§ PROVIDED MATERIAL:
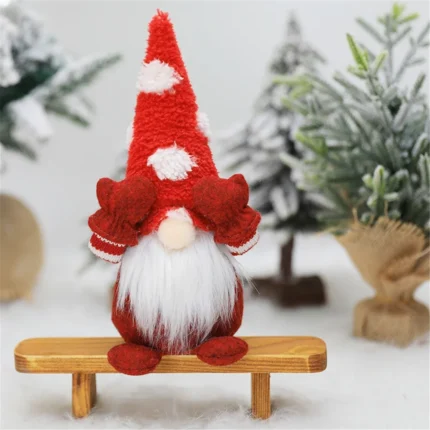 Non-woven Fabric Santa Claus Snowman Elf Christmas Ornaments Faceless Doll Plush Doll Party Decoration for Home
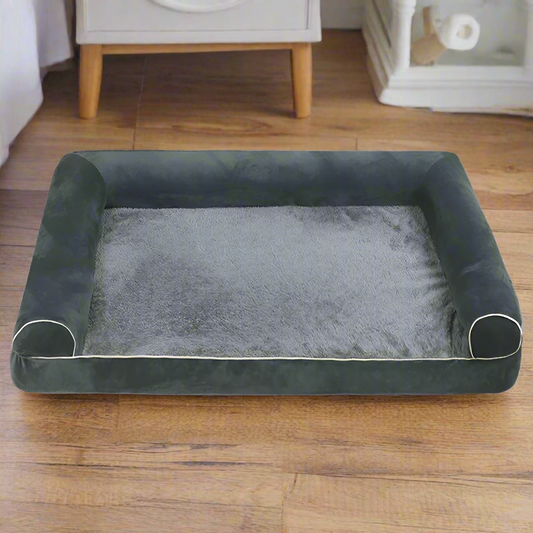 Large PawfectFriend Orthopedic Dog Bed 3-Side Comfort Bolster Padded Calming Mattress Bed with Removable Cover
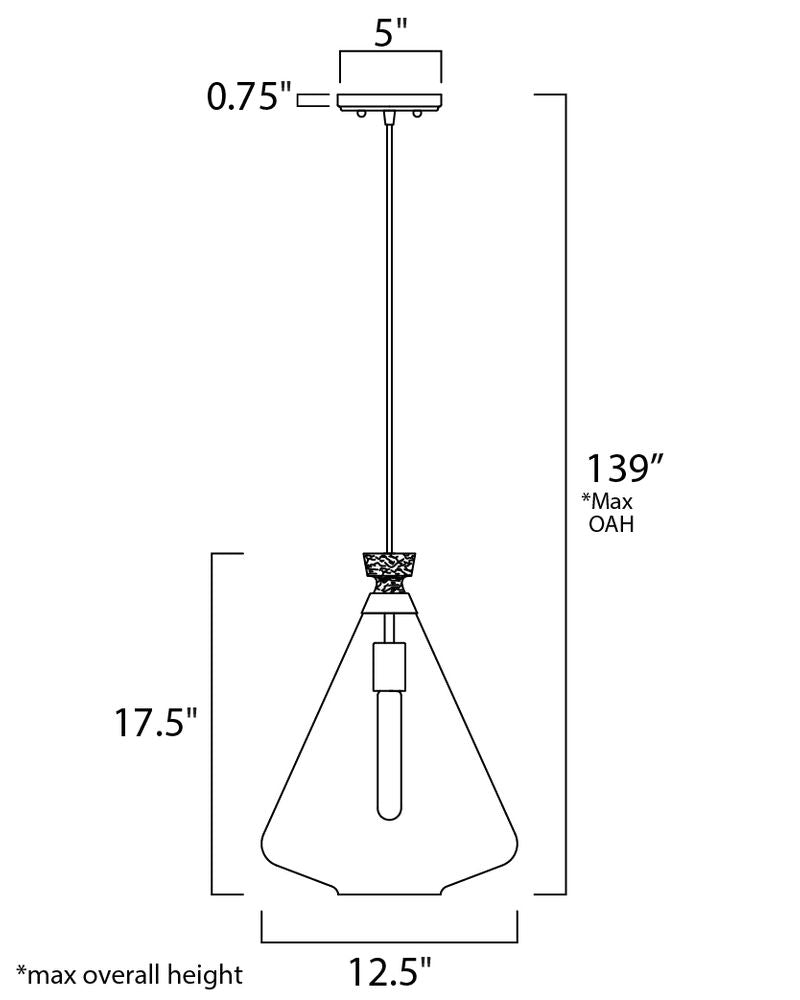 Abbott 12.5' Single Light Pendant in Weathered Oak and Antique Brass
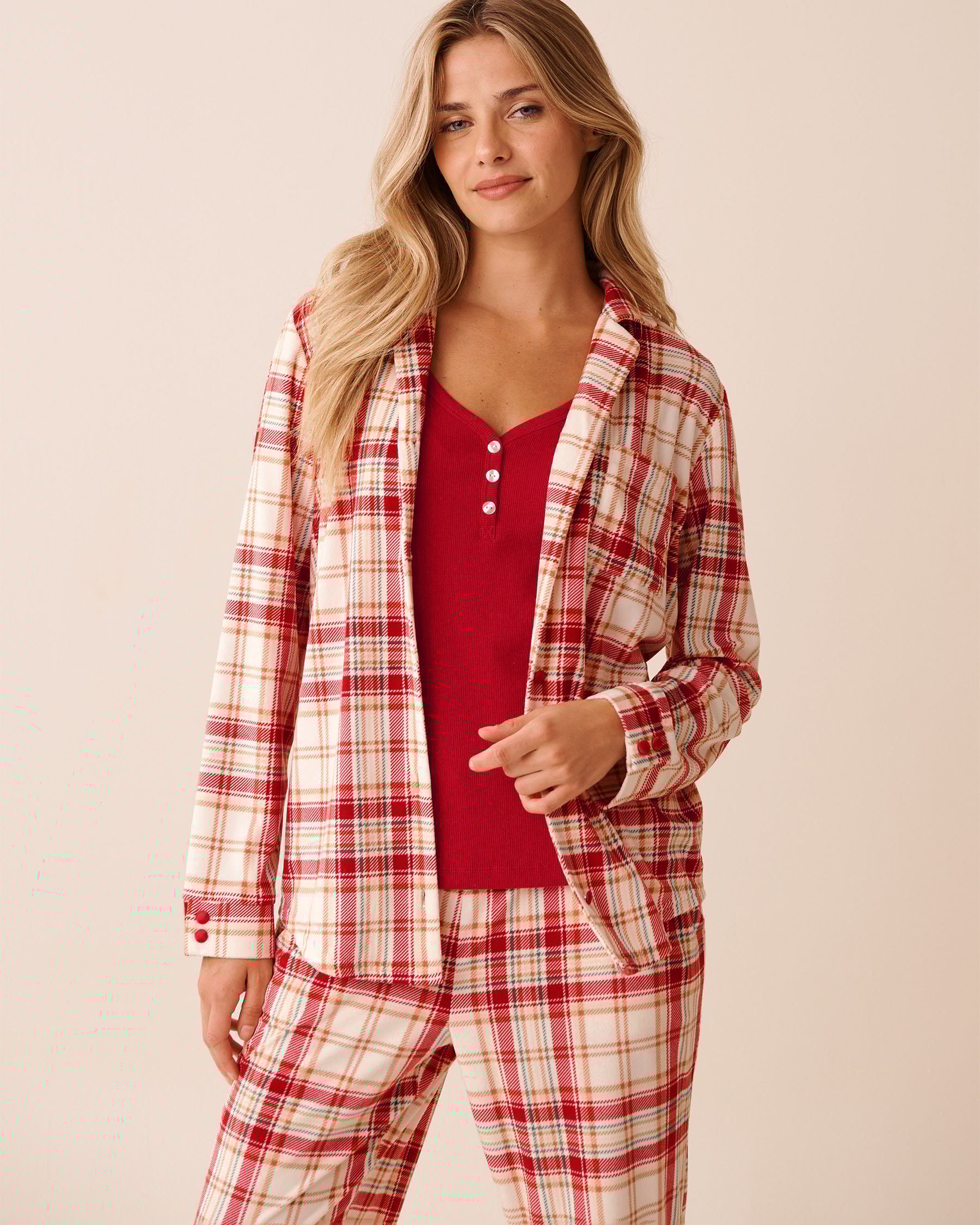 LA VIE EN ROSE Red & Beige Plaid Soft Velour Button-down Shirt Red & Beige Plaid 40100799 - View5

§ TASK DETAILS: The output must start at the line holding "Large PawfectFriend Orthopedic", end at the last line of the listing above, and show each line exactly; please omit all pictures.

§ SOLUTION FOR THIS PROBLEM:
 Large PawfectFriend Orthopedic Dog Bed 3-Side Comfort Bolster Padded Calming Mattress Bed with Removable Cover
 Abbott 12.5' Single Light Pendant in Weathered Oak and Antique Brass
 LA VIE EN ROSE Red & Beige Plaid Soft Velour Button-down Shirt Red & Beige Plaid 40100799 - View5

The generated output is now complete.